General McNair sought leaders who were not only expert in command but not afraid to exercise it. This was for him one of the meanings of fearless leadership. The complementary quality was loyal compliance with orders. He himself embodied his conception of command in both aspects. As commander of the Army Ground Forces he expected and exercised positive leadership, but regarded it as his duty, once he had presented his views to higher authority, not to argue but to obey. The Army Ground Forces was operated by General McNair as a strictly military command.
Strength and Initial Organization
In numerical strength the Army Ground Forces was a large command. From 9 March 1942 until ______ it was the largest single command in the Army of the United States. Its total strength on 1 May 1942 was approximately 780,000. This figure more than doubled during 1942 and reached a peak of 2,200,000 on 1 July 1943. In addition to the 1,750,000 individuals under command of the Army Ground Forces on 1 January 1944, units with an enlisted strength of over 900,000 and many thousands of replacements, trained by Army Ground Forces, had by that date arrived in Ports of Embarkation for shipment overseas. All but the last two aggregates include the officers and enlisted men employed in conducting the training program of the Army Ground Forces but inasmuch as the trainers were, for the most part, themselves being prepared for combat, the figures given provide a fair, if approximate, measure of the numbers for whose organization, equipment and training for combat Army Ground Forces was responsible.[40] It was the biggest single training organization the United States had ever set up.
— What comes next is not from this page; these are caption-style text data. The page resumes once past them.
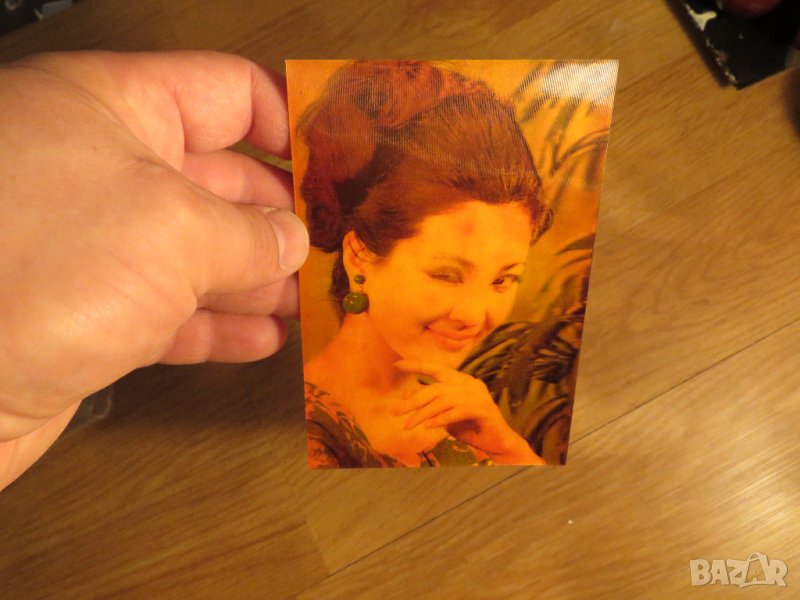 Ефектна стерио картичка - Намигваща мадама - интересна за колекция, снимка 1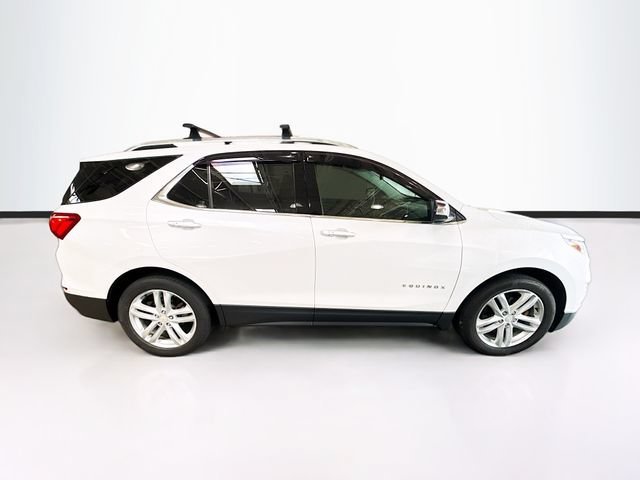 Used 2018 IRIDESCENT PEARL TRICOAT Chevrolet Premier image 5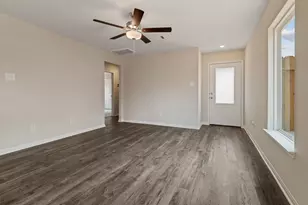 713 Jasmine Rdg Ln, Waller, TX 77484 - Photo 6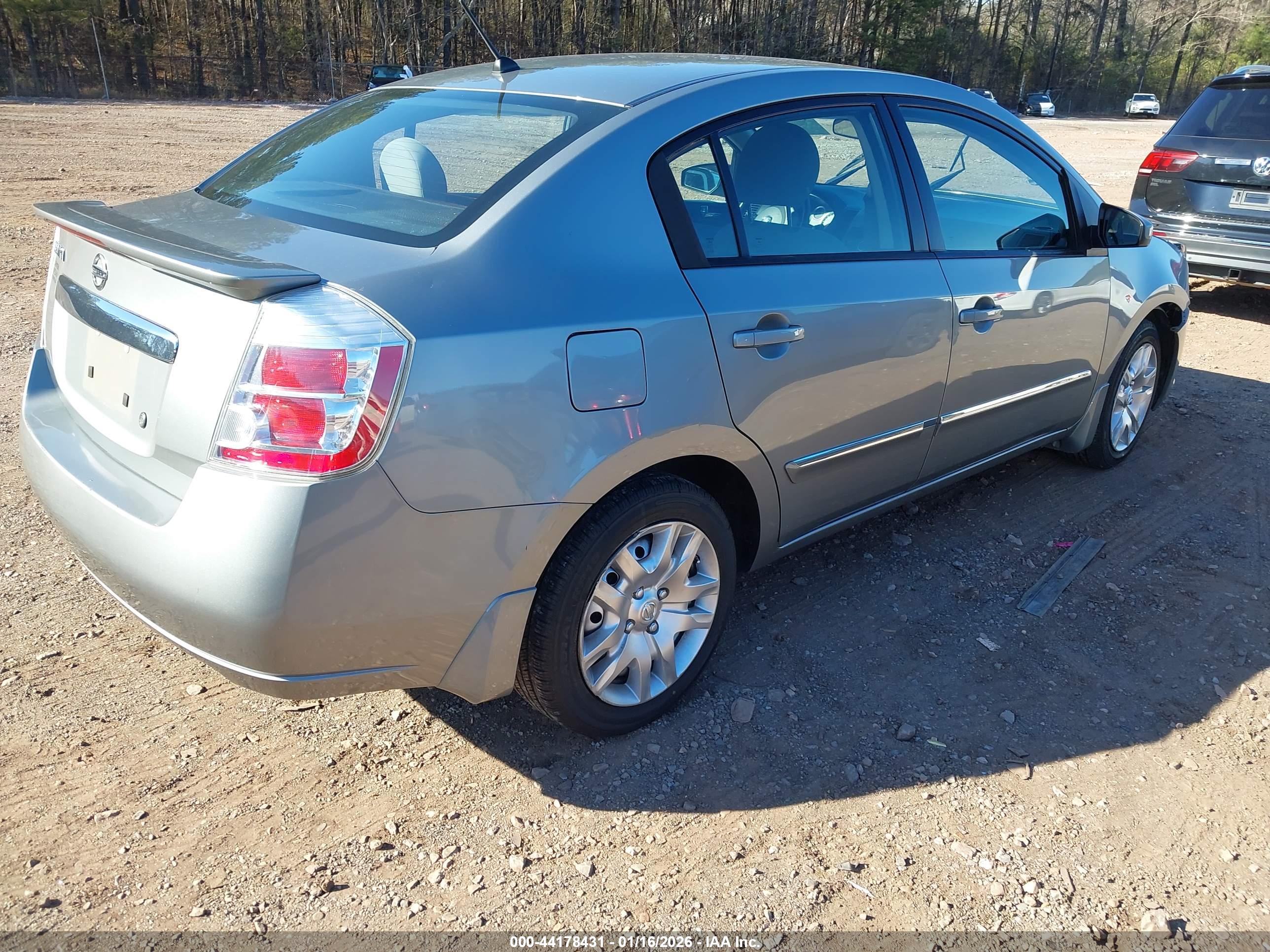 NISSAN SENTRA image 4
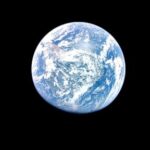 a-private-us-spacecraft-headed-to-the-moon-captures-a-glorious-view-of-earth
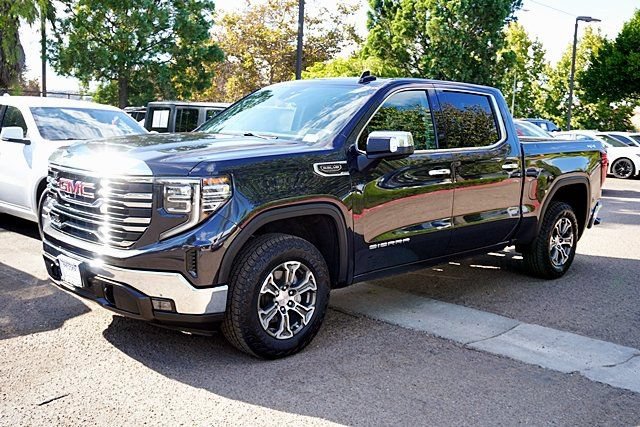 Used 2025 GMC Sierra 1500 SLT AWD/4WD image 9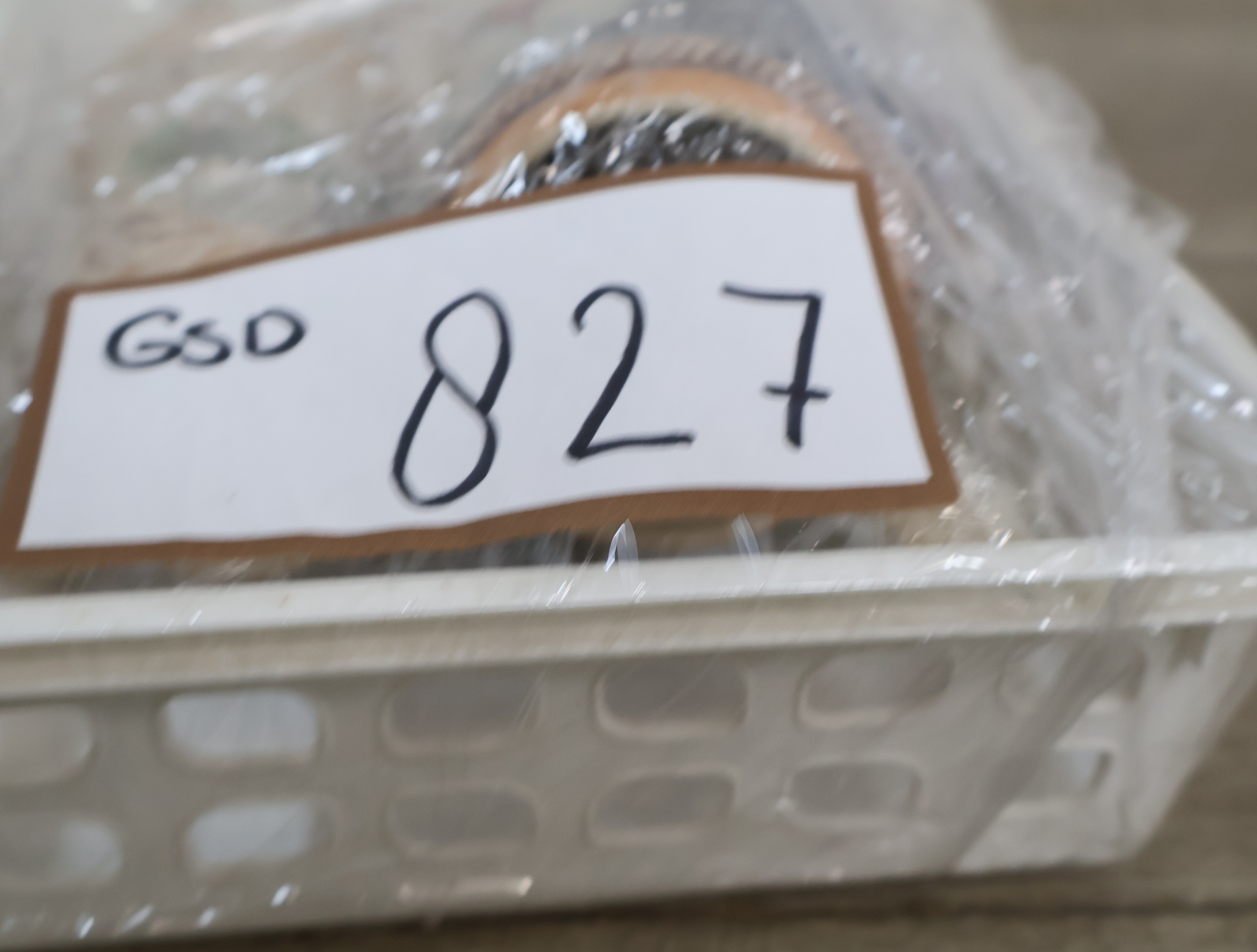 Set van drie decoratieve keramische bierpullen' – foto 19 – kavel bij GSD Auctions, Zoeterwoude
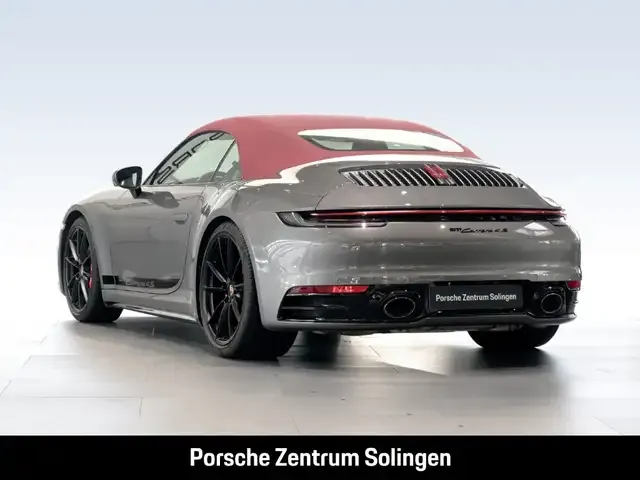 Porsche 992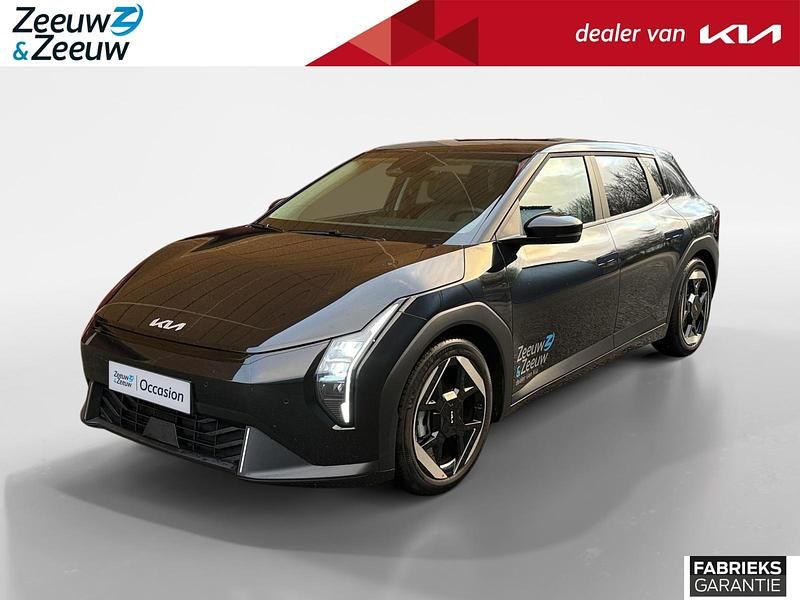 Zwart Occasion 2025 Kia EV4 Advance Hatchback | € 38.995 (Goede deal) - Afbeelding 1/4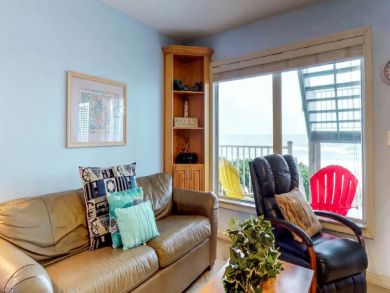 Bradenton Beach 1 Bedroom Vacation Condo  Gulfront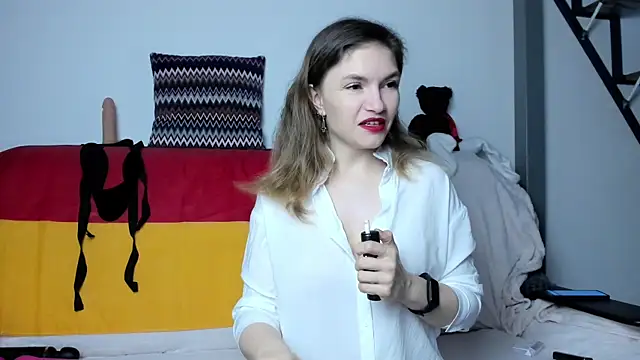 Snapshot of Katherine_Twilight chatting on 03-07-25, 03:39 Katherine Twilight online show from 03-07-25, 03:39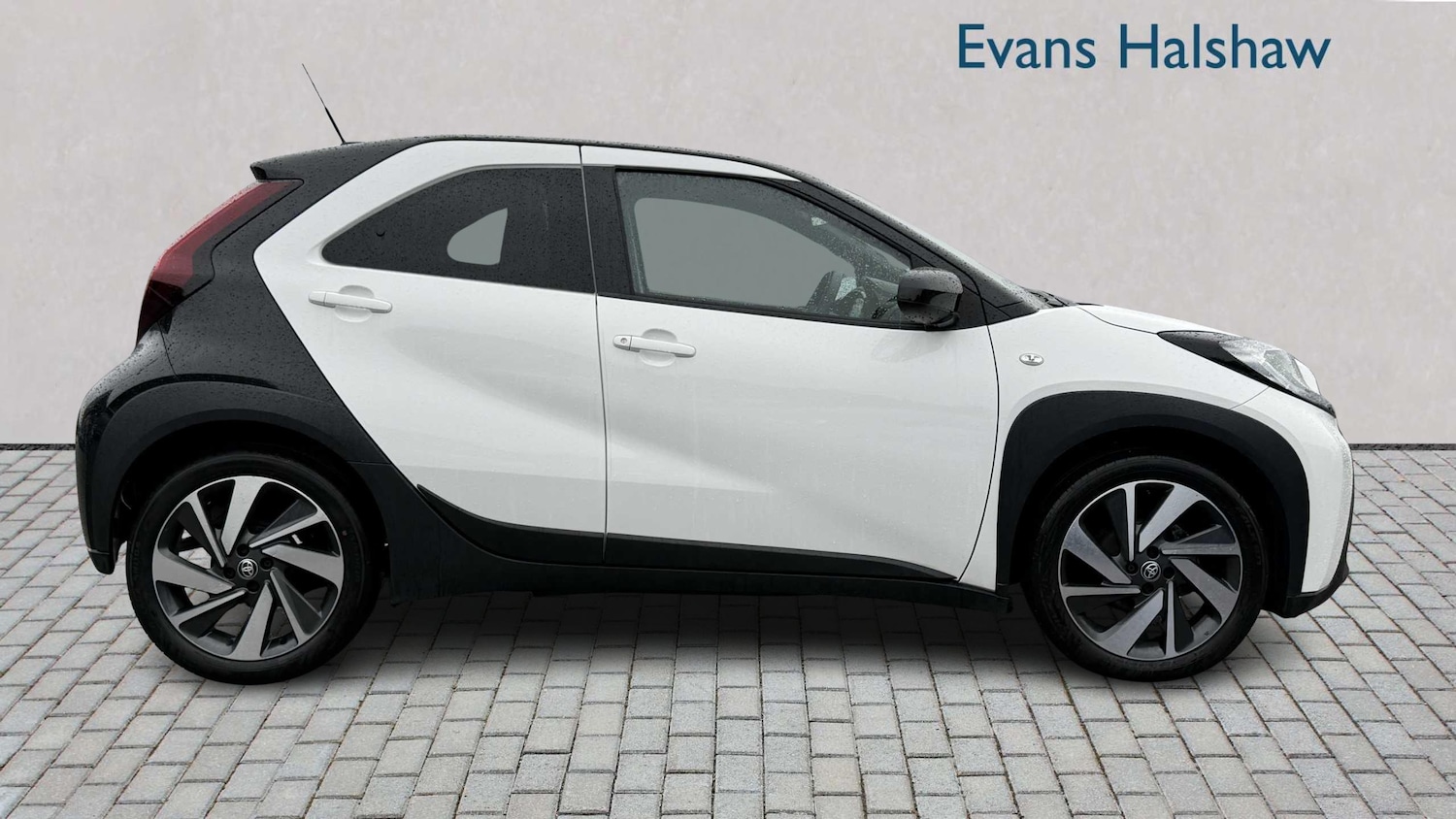 Used Toyota Aygo X 2024 for sale - 78077090: Photo 3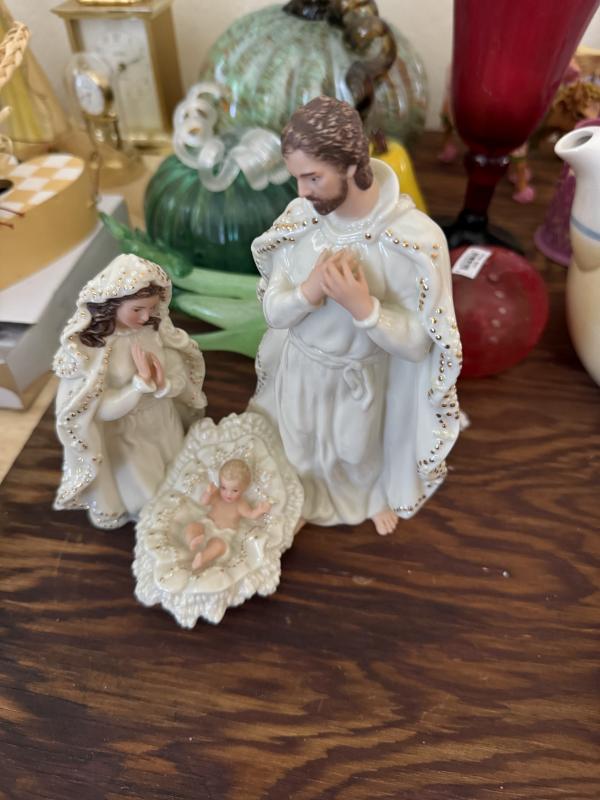 Sale Photo Thumbnail #24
The means with which Army Ground Forces was provided for the discharge of its mission in March 1942 were as follows: a headquarters, with a supporting headquarters company, located in Washington; a Replacement and School Command; the Armored Force; a Tank Destroyer Command; an Antiaircraft Command; and, distributed, under these special commands, eight unit training centers; fourteen replacement training centers, and seven service schools and boards of the various arms of the ground forces. The tactical units initially placed under the command of General McNair consisted of two armies, the Second and Third, with headquarters at Memphis, Tennessee and Fort Sam Houston, Texas, and two separate corps, the II and VI, with headquarters at Jacksonville, Florida and Providence, Rhode Island. Service units supporting ground combat troops were assigned to the tactical commands of the Army Ground Forces, as required, by their tables of organization. Such assignment for training was essential to the development of larger tactical units as teams, and they received training in their service specialties as well as in tactical cooperation under the direction of Army Ground Forces.[41]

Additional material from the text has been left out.